• _Exercise prompt_: Could you write out, exactly as they stand, only the lines in the listing below from the line with "Candle (3) And" to the line with "アンサンブル ブルー ホワイト【RBA_E】【送料無料】[Raku...", both ends included, without the pictures?

• _Extracted records_:
§ §

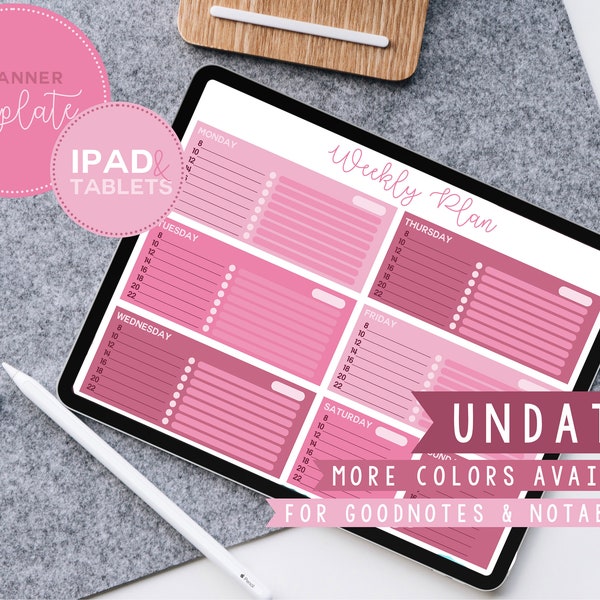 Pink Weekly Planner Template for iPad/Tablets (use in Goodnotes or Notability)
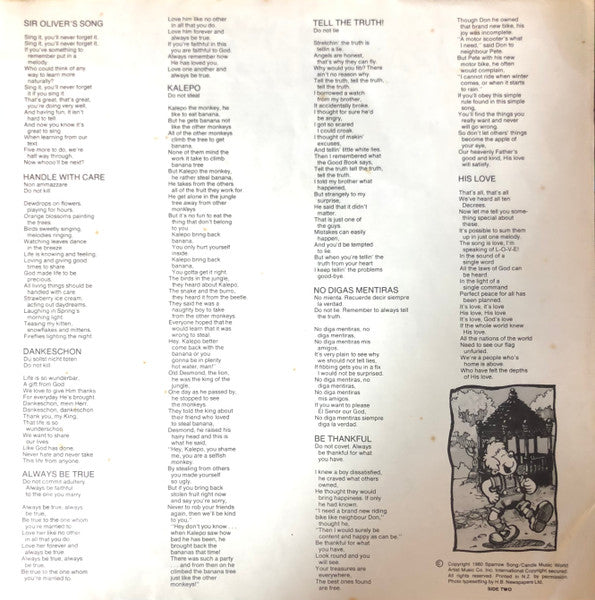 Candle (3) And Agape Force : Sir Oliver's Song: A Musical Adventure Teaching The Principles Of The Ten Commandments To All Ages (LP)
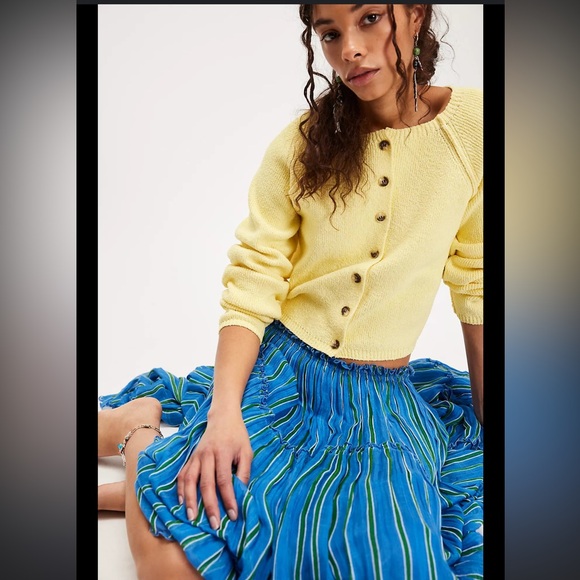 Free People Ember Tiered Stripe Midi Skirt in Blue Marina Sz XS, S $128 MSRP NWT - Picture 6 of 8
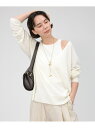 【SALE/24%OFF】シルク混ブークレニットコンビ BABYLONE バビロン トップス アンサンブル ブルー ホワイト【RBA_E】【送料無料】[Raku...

§ §

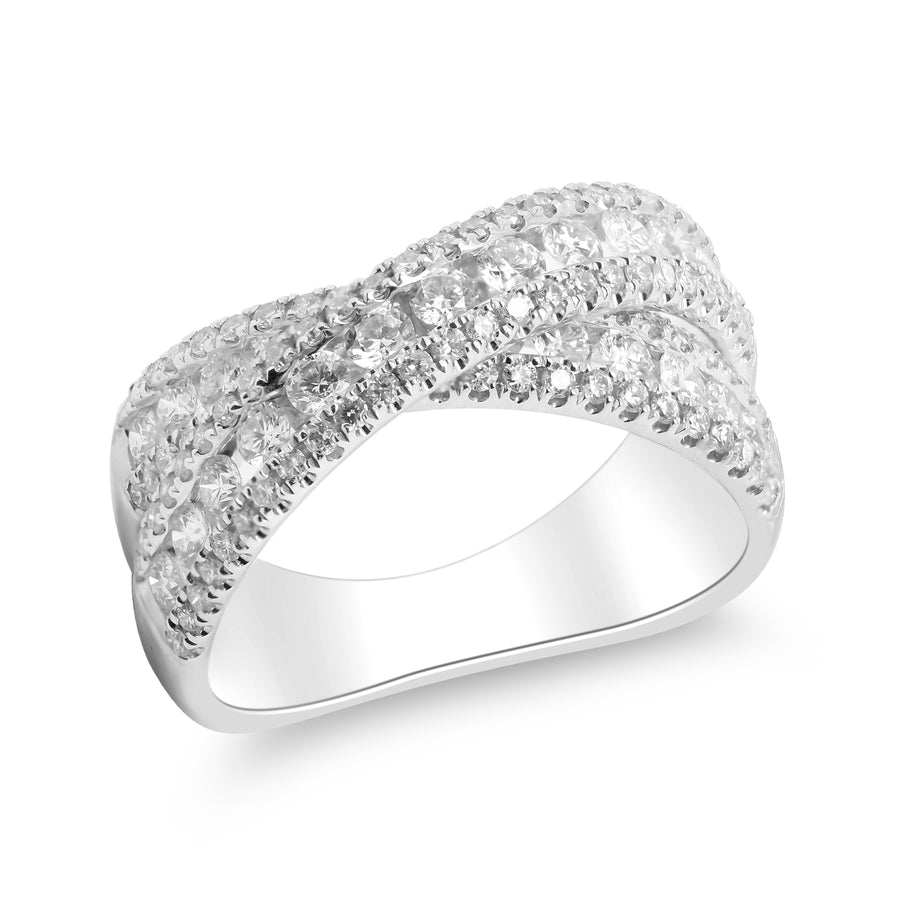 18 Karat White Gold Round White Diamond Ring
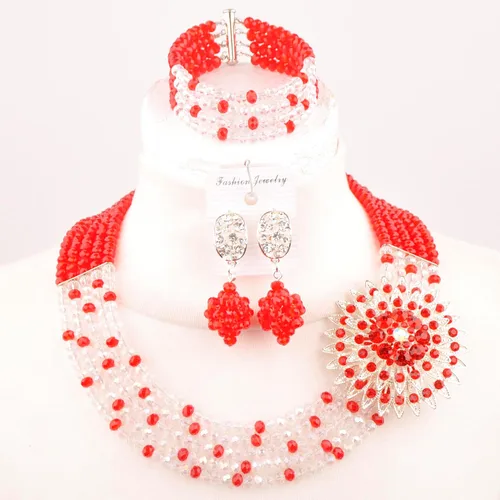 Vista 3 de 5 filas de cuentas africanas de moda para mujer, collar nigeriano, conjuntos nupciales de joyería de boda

§ §

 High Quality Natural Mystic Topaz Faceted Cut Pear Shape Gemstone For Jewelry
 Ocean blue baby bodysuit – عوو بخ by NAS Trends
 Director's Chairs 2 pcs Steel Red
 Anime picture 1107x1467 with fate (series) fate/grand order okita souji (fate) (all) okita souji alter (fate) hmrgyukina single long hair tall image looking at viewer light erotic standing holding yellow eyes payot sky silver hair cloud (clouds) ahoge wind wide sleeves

§ §

• _Response box_:
 Candle (3) And Agape Force : Sir Oliver's Song: A Musical Adventure Teaching The Principles Of The Ten Commandments To All Ages (LP)
 Free People Ember Tiered Stripe Midi Skirt in Blue Marina Sz XS, S $128 MSRP NWT - Picture 6 of 8
 【SALE/24%OFF】シルク混ブークレニットコンビ BABYLONE バビロン トップス アンサンブル ブルー ホワイト【RBA_E】【送料無料】[Raku...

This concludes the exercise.